Source records:
++++

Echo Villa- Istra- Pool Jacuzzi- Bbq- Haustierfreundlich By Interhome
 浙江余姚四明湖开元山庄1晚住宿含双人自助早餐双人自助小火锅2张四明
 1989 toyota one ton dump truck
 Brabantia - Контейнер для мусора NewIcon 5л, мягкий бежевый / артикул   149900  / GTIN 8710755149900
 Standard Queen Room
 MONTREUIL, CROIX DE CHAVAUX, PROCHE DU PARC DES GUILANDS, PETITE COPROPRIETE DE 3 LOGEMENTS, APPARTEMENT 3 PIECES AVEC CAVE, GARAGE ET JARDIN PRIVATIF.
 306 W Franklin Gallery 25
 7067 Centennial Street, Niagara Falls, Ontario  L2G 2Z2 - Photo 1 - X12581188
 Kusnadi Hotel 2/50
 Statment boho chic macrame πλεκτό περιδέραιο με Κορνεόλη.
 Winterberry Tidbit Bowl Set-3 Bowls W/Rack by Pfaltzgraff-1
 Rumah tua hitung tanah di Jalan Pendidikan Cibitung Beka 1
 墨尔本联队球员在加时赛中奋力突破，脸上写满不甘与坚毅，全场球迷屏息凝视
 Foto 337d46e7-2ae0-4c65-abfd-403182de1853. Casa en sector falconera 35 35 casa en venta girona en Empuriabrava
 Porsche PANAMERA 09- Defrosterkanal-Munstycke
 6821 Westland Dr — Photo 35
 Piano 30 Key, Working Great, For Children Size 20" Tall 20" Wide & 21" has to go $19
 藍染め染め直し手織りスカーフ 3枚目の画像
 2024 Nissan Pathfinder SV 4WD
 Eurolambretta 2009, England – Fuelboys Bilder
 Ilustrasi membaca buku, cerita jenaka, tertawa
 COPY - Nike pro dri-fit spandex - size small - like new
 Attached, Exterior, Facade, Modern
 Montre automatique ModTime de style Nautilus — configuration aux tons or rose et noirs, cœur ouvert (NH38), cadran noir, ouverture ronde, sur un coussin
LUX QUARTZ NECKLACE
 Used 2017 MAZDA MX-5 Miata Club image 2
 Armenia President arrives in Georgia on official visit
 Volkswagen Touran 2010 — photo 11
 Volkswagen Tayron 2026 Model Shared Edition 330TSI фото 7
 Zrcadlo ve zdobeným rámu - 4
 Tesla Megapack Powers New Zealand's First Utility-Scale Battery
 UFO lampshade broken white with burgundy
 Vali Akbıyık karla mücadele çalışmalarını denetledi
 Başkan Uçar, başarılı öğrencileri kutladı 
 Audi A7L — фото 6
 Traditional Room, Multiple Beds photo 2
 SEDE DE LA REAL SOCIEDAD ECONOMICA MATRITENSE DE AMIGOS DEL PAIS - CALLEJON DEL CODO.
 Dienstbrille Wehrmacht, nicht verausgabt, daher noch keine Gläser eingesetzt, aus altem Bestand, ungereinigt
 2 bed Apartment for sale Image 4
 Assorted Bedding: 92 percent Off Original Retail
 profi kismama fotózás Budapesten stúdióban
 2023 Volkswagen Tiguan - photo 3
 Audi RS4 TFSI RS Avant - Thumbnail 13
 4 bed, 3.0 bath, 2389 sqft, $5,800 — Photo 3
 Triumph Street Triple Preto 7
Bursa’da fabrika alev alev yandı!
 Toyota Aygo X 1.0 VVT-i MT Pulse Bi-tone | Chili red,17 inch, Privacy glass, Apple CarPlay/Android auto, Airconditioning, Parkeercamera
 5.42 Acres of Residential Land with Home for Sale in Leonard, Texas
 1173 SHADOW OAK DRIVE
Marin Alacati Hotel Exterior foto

++++

**BRIEF**. Output the records in full, keeping them exactly as they are.

**SOLVED EXERCISE**.
Echo Villa- Istra- Pool Jacuzzi- Bbq- Haustierfreundlich By Interhome
 浙江余姚四明湖开元山庄1晚住宿含双人自助早餐双人自助小火锅2张四明
 1989 toyota one ton dump truck
 Brabantia - Контейнер для мусора NewIcon 5л, мягкий бежевый / артикул   149900  / GTIN 8710755149900
 Standard Queen Room
 MONTREUIL, CROIX DE CHAVAUX, PROCHE DU PARC DES GUILANDS, PETITE COPROPRIETE DE 3 LOGEMENTS, APPARTEMENT 3 PIECES AVEC CAVE, GARAGE ET JARDIN PRIVATIF.
 306 W Franklin Gallery 25
 7067 Centennial Street, Niagara Falls, Ontario  L2G 2Z2 - Photo 1 - X12581188
 Kusnadi Hotel 2/50
 Statment boho chic macrame πλεκτό περιδέραιο με Κορνεόλη.
 Winterberry Tidbit Bowl Set-3 Bowls W/Rack by Pfaltzgraff-1
 Rumah tua hitung tanah di Jalan Pendidikan Cibitung Beka 1
 墨尔本联队球员在加时赛中奋力突破，脸上写满不甘与坚毅，全场球迷屏息凝视
 Foto 337d46e7-2ae0-4c65-abfd-403182de1853. Casa en sector falconera 35 35 casa en venta girona en Empuriabrava
 Porsche PANAMERA 09- Defrosterkanal-Munstycke
 6821 Westland Dr — Photo 35
 Piano 30 Key, Working Great, For Children Size 20" Tall 20" Wide & 21" has to go $19
 藍染め染め直し手織りスカーフ 3枚目の画像
 2024 Nissan Pathfinder SV 4WD
 Eurolambretta 2009, England – Fuelboys Bilder
 Ilustrasi membaca buku, cerita jenaka, tertawa
 COPY - Nike pro dri-fit spandex - size small - like new
 Attached, Exterior, Facade, Modern
 Montre automatique ModTime de style Nautilus — configuration aux tons or rose et noirs, cœur ouvert (NH38), cadran noir, ouverture ronde, sur un coussin
LUX QUARTZ NECKLACE
 Used 2017 MAZDA MX-5 Miata Club image 2
 Armenia President arrives in Georgia on official visit
 Volkswagen Touran 2010 — photo 11
 Volkswagen Tayron 2026 Model Shared Edition 330TSI фото 7
 Zrcadlo ve zdobeným rámu - 4
 Tesla Megapack Powers New Zealand's First Utility-Scale Battery
 UFO lampshade broken white with burgundy
 Vali Akbıyık karla mücadele çalışmalarını denetledi
 Başkan Uçar, başarılı öğrencileri kutladı 
 Audi A7L — фото 6
 Traditional Room, Multiple Beds photo 2
 SEDE DE LA REAL SOCIEDAD ECONOMICA MATRITENSE DE AMIGOS DEL PAIS - CALLEJON DEL CODO.
 Dienstbrille Wehrmacht, nicht verausgabt, daher noch keine Gläser eingesetzt, aus altem Bestand, ungereinigt
 2 bed Apartment for sale Image 4
 Assorted Bedding: 92 percent Off Original Retail
 profi kismama fotózás Budapesten stúdióban
 2023 Volkswagen Tiguan - photo 3
 Audi RS4 TFSI RS Avant - Thumbnail 13
 4 bed, 3.0 bath, 2389 sqft, $5,800 — Photo 3
 Triumph Street Triple Preto 7
Bursa’da fabrika alev alev yandı!
 Toyota Aygo X 1.0 VVT-i MT Pulse Bi-tone | Chili red,17 inch, Privacy glass, Apple CarPlay/Android auto, Airconditioning, Parkeercamera
 5.42 Acres of Residential Land with Home for Sale in Leonard, Texas
 1173 SHADOW OAK DRIVE
Marin Alacati Hotel Exterior foto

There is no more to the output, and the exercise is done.